Ha voluto festeggiare i suoi 80 anni volando in cielo, Gigi Proietti. Proprio nel giorno del suo compleanno è morto l’ultimo grande personaggio dell’intero spettacolo italiano, mattatore completo del teatro, del cinema e della televisione. Se n’è andato in silenzio (chi sapeva che stava male?), come si confà alle persone eccezionali, all’opposto del fragore al momento dell’entrata in scena, con la sua voce così stentorea, subito riconoscibile e che portava alla inevitabile risata. Aveva già avuto, dieci anni fa, problemi di cuore che sembrava aver superato; proprio il cuore, però, lo ha tradito: ricoverato da quindici giorni, ha subito un peggioramento nelle ultime 24 ore che lo ha portato alla morte.

Tanti film di enorme successo (come non ricordare i due di Febbre da cavallo, con il suo esilarante personaggio di Mandrake. Ed ora, a proposito, di grandissimi attori è rimasto solo Verdone); lavori teatrali di mirabile valore, lui, il re del palcoscenico (“ A me gli occhi, please” e i suoi “Cavalli di battaglia”, dove recitava una parodia di sicuro effetto la celeberrima telefonata); le apparizioni in  televisione, con le “ospitate” e le sempre riuscite fiction (ed ora fa accapponare la pelle ricordare il riuscitissimo “Una pallottola nel cuore”).

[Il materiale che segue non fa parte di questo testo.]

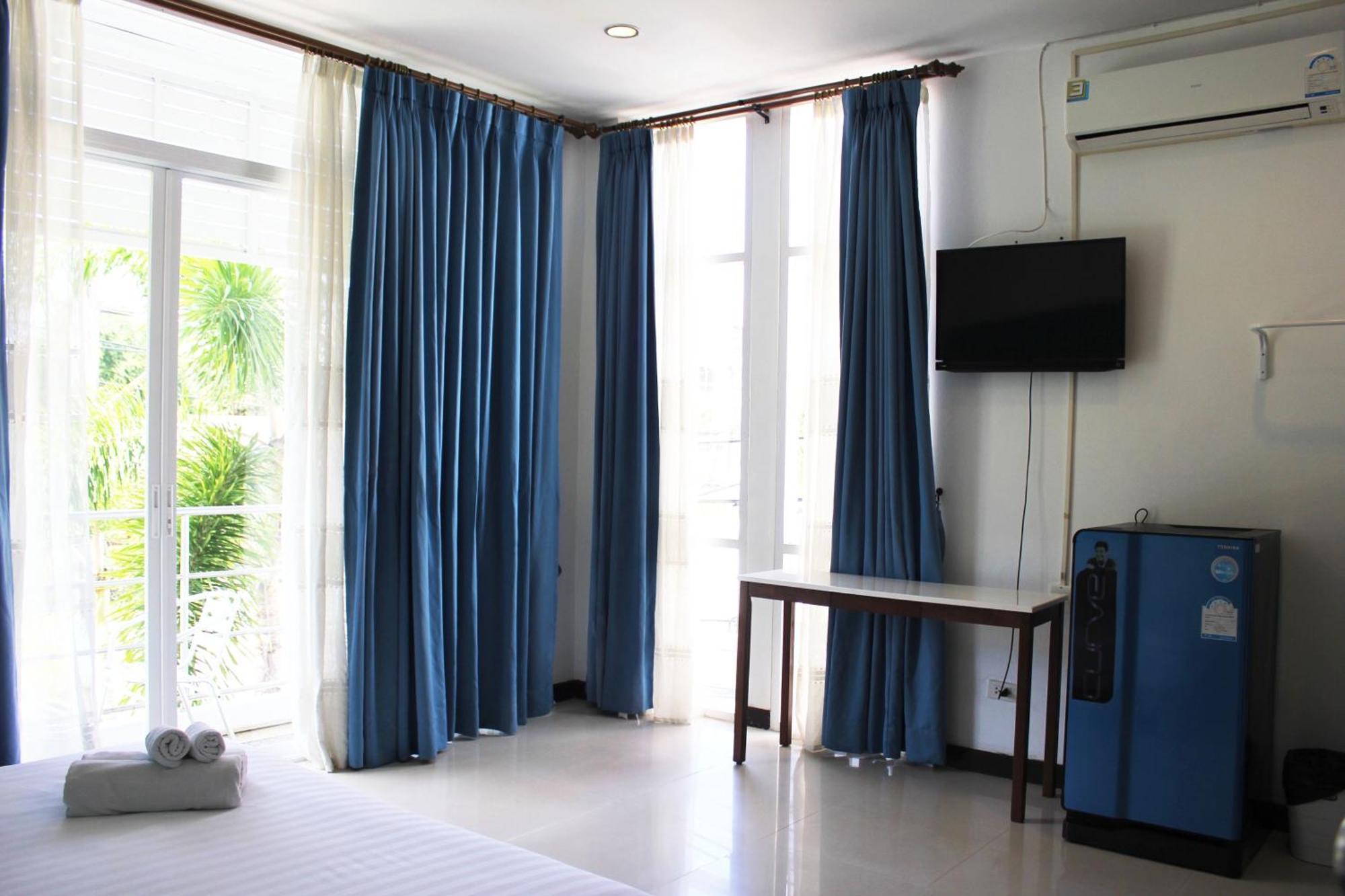 Kata Sea Host Inn 2*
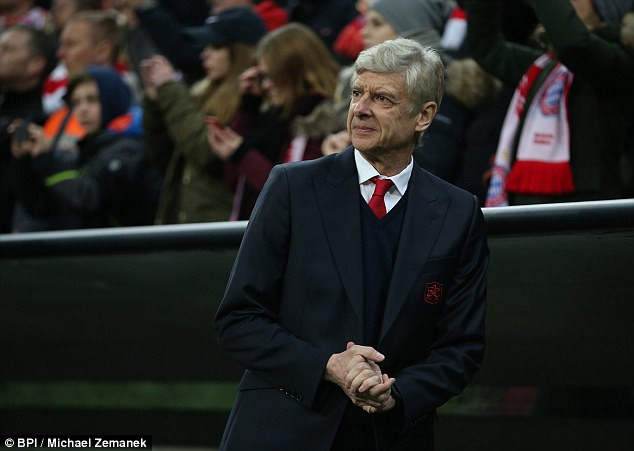 HLV Arsene Wenger.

Mai volgare (i comici di oggi, per far ridere, fanno uso spesso di parolacce e frasi scurrili), ricorreva al suo personaggio di “Pietro ammicca” che arrivava magari a dire cose pesanti, fermandosi dove era lecito e suscitando l’ilarità generale. Divertentissimo il suo aver trasformato il successo canoro francese Ne me quitte pas in Tu m’hai rotto er  cà dove la parolaccia era solo sfiorata ma l’effetto era mille volte più comico. Perché il lavoro di Proietti era accompagnato da garbo, signorilità, eleganza unici.

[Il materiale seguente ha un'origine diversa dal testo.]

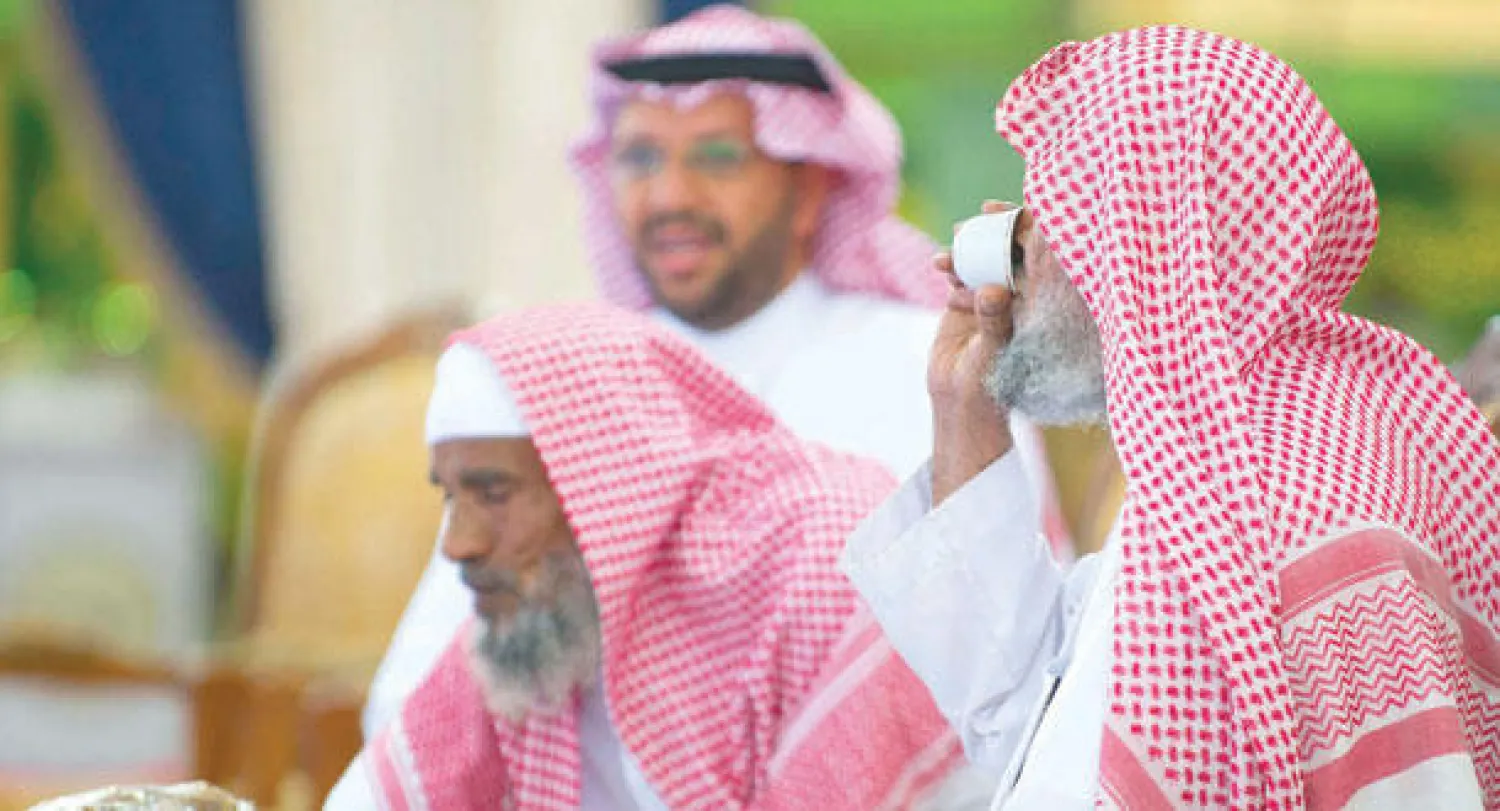 مسنون يتناولون القهوة في مهرجان تمور بريدة العام الماضي (واس)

Dal suo laboratorio teatrale sono usciti i personaggi “più gradevoli e spassosi” degli ultimi venti anni: Brignano, Insinna, Cirilli. Aveva calcato i più prestigiosi palcoscenici del nostro Paese; ed è proprio al teatro de L’Aquila che ebbi il piacere di conoscerlo ed intervistarlo più di 30 anni orsono, lui che era diventato il direttore artistico della struttura abruzzese. In quell’occasione mi colpirono, oltre alla innegabile statura del personaggio, il suo mettersi volentieri a disposizione, il suo rispetto verso gli altri. Capii di avere davanti un galantuomo.

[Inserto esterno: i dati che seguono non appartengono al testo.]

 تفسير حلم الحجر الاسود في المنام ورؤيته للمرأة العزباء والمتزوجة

Molto devoto a Roma dove era nato, allo stesso modo di Sordi era voluto bene, per la sua capacità di saper entrare in tutte le case nella maniera migliore possibile, in tutto il territorio nazionale. Ecco, dovendo coniare una definizione che può essere realmente esplicativa di questo grande uomo che non potremo vedere più di persona ma lascia un immenso patrimonio della sua opera, potremmo senz’altro affermare: Gigi, uno di famiglia, avendolo sentito tutti uno di casa, un secondo padre, uno zio, un nonno per i più piccoli.

E dal Paradiso, caro Gigi, magari in sogno, mandaci ogni tanto un segnale di allegria, di spensieratezza. Ne abbiamo proprio bisogno.